### [TASK STATEMENT]
Repeat exactly the lines below from the line that contains "İki kardeş aynı T-shirt" to the last line, inclusive, without the pictures.

### [GIVEN DATA]
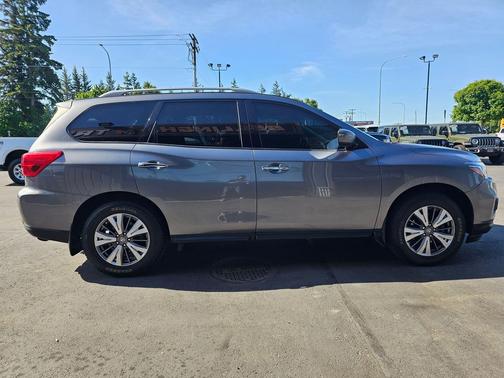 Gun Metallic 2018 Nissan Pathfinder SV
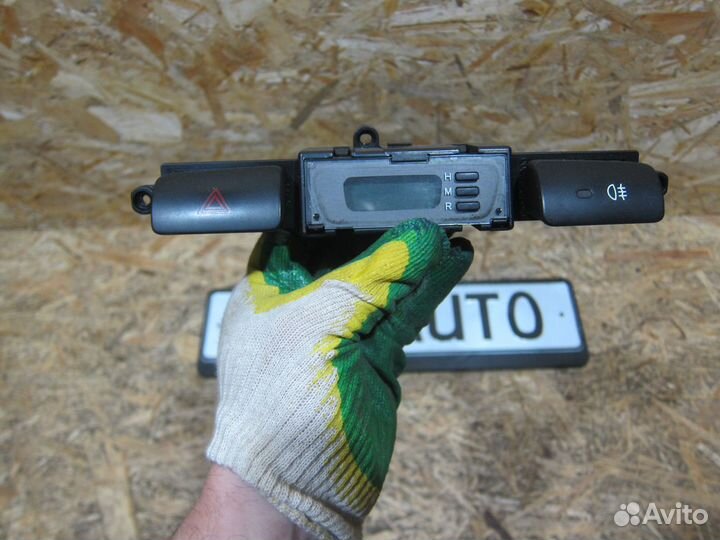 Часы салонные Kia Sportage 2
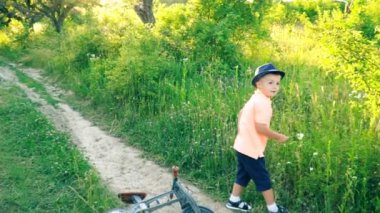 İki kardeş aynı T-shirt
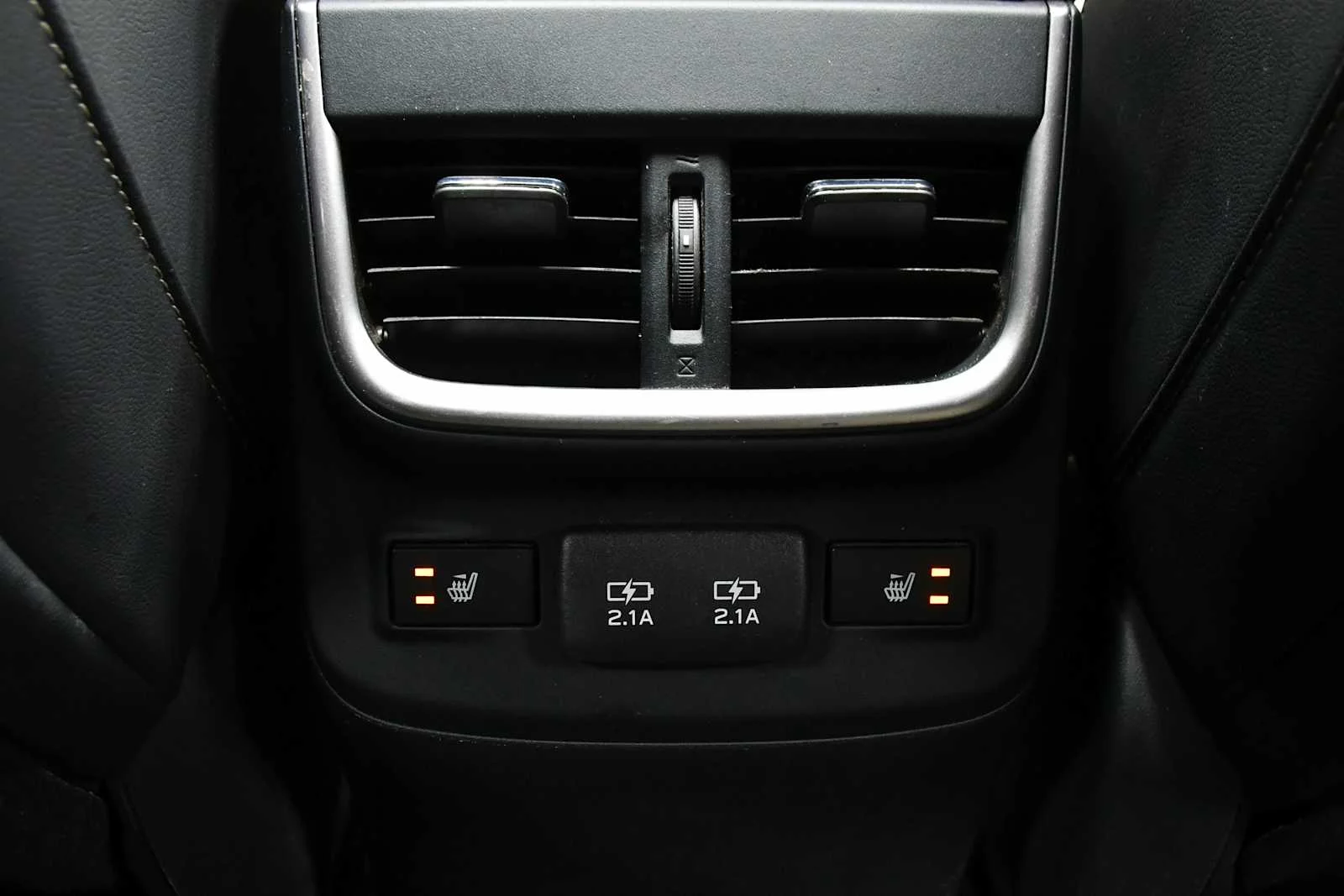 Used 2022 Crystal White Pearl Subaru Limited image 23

### [RESPONSE AREA]
 İki kardeş aynı T-shirt
 Used 2022 Crystal White Pearl Subaru Limited image 23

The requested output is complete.